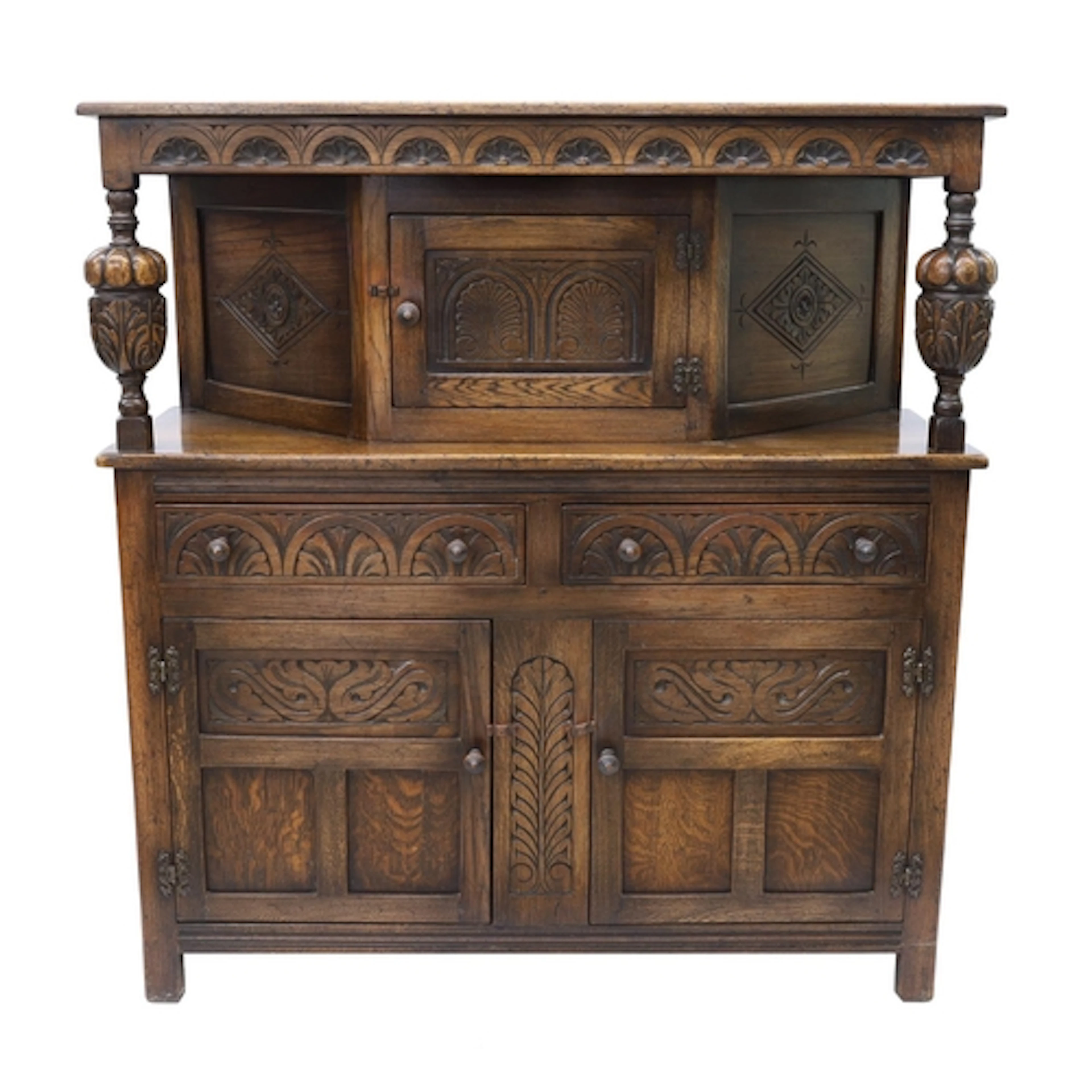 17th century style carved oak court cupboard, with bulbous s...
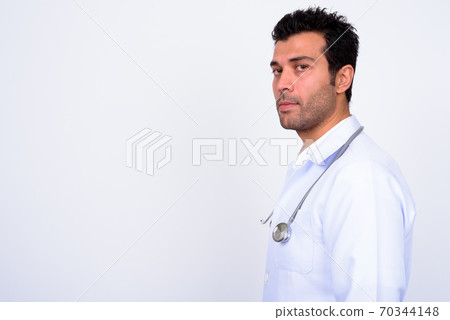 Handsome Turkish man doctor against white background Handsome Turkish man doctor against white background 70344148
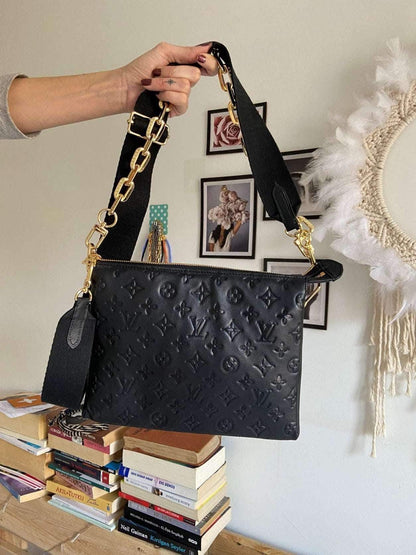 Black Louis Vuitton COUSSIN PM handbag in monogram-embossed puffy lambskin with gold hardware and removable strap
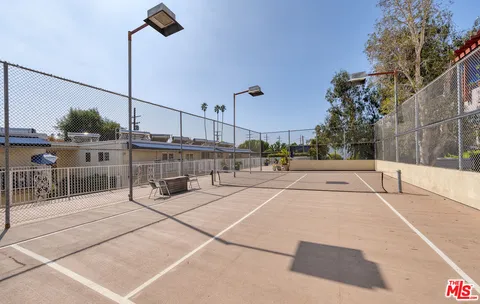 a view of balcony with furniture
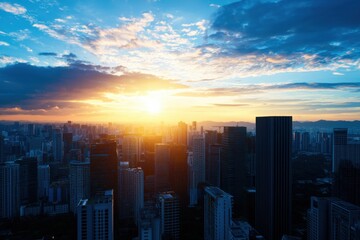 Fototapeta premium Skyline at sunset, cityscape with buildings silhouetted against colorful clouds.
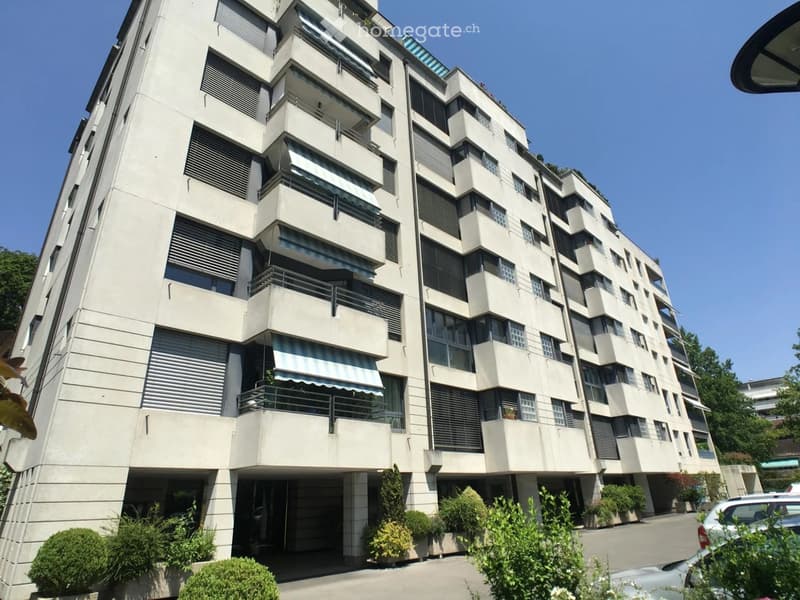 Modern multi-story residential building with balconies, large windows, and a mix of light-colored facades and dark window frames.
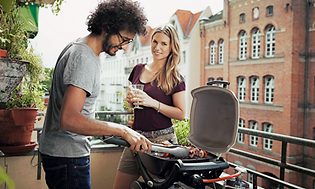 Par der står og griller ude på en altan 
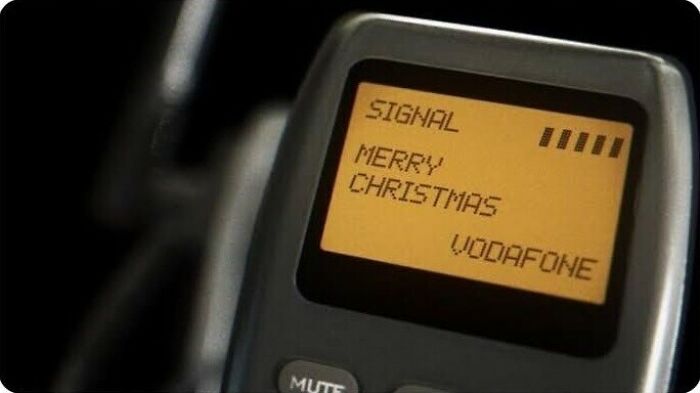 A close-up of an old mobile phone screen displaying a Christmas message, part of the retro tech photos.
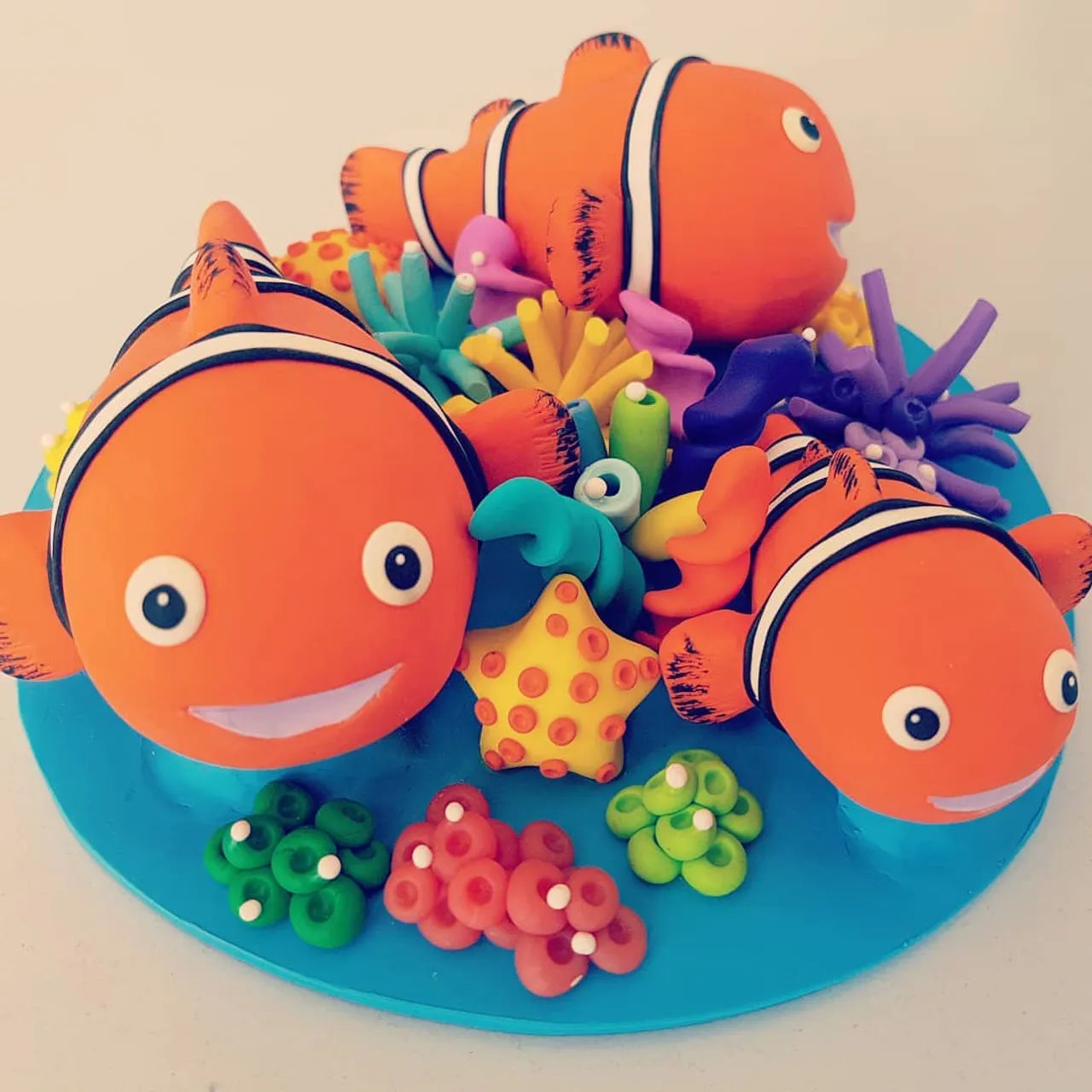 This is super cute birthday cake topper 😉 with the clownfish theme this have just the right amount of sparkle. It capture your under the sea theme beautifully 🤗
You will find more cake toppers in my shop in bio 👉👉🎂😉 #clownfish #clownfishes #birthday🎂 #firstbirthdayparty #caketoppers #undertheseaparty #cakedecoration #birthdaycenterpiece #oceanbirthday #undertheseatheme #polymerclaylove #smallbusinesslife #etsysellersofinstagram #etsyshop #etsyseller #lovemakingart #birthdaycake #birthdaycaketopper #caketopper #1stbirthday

-=-=-

• WORK ITEM: When copying from the data above, begin at the line containing "Handsome Turkish man doctor against white background Handsome" and end at the line containing "A close-up of"; return those lines exactly and leave all pictures behind.

• EXERCISE SOLUTION:
 Handsome Turkish man doctor against white background Handsome Turkish man doctor against white background 70344148
 Black Louis Vuitton COUSSIN PM handbag in monogram-embossed puffy lambskin with gold hardware and removable strap
 a view of balcony with furniture
 Fototapeta premium Skyline at sunset, cityscape with buildings silhouetted against colorful clouds.
 Modern multi-story residential building with balconies, large windows, and a mix of light-colored facades and dark window frames.
 Par der står og griller ude på en altan 
 A close-up of an old mobile phone screen displaying a Christmas message, part of the retro tech photos.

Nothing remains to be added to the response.